(SUPPLIED ENTRIES Opens)

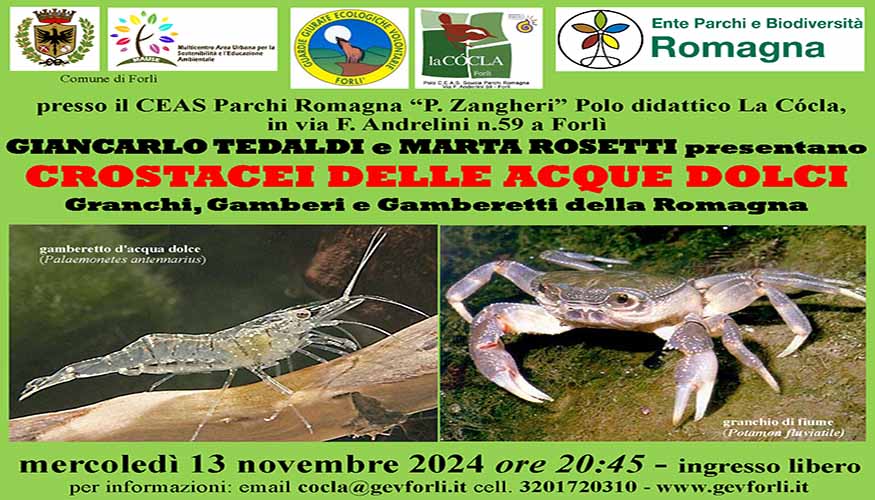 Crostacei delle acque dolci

(SUPPLIED ENTRIES Closes)
(SUPPLIED ENTRIES Opens)

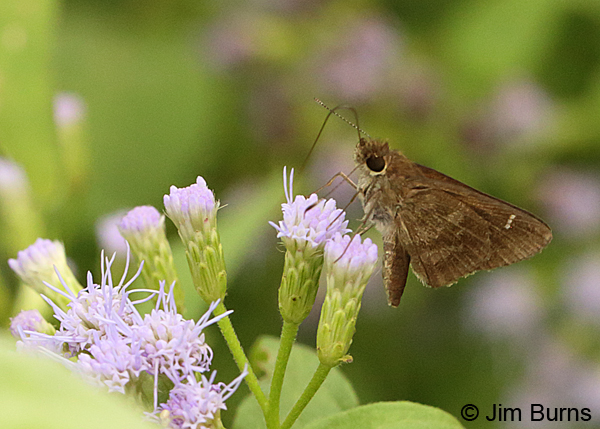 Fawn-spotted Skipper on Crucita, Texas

(SUPPLIED ENTRIES Closes)
(SUPPLIED ENTRIES Opens)

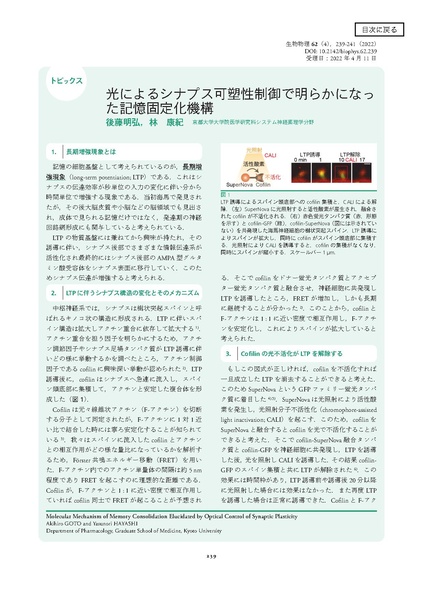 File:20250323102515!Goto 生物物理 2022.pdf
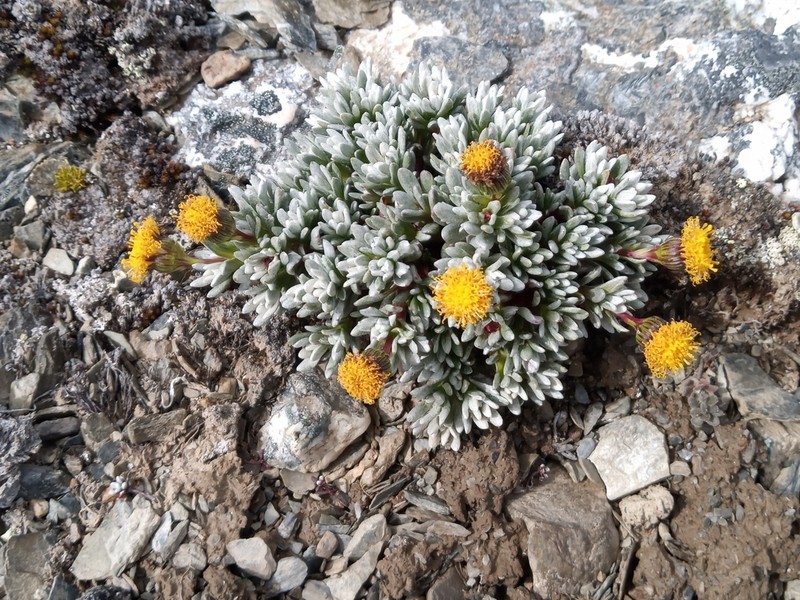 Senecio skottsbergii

(SUPPLIED ENTRIES Closes)

DIRECTIONS:
Would you print exactly the lines in the listing above, from the line bearing "File:20250323102515!Goto 生物物理 2022.pdf" through the line bearing "Senecio skottsbergii", leaving out all pictures?

OUTPUT FOR THIS EXERCISE:
 File:20250323102515!Goto 生物物理 2022.pdf
 Senecio skottsbergii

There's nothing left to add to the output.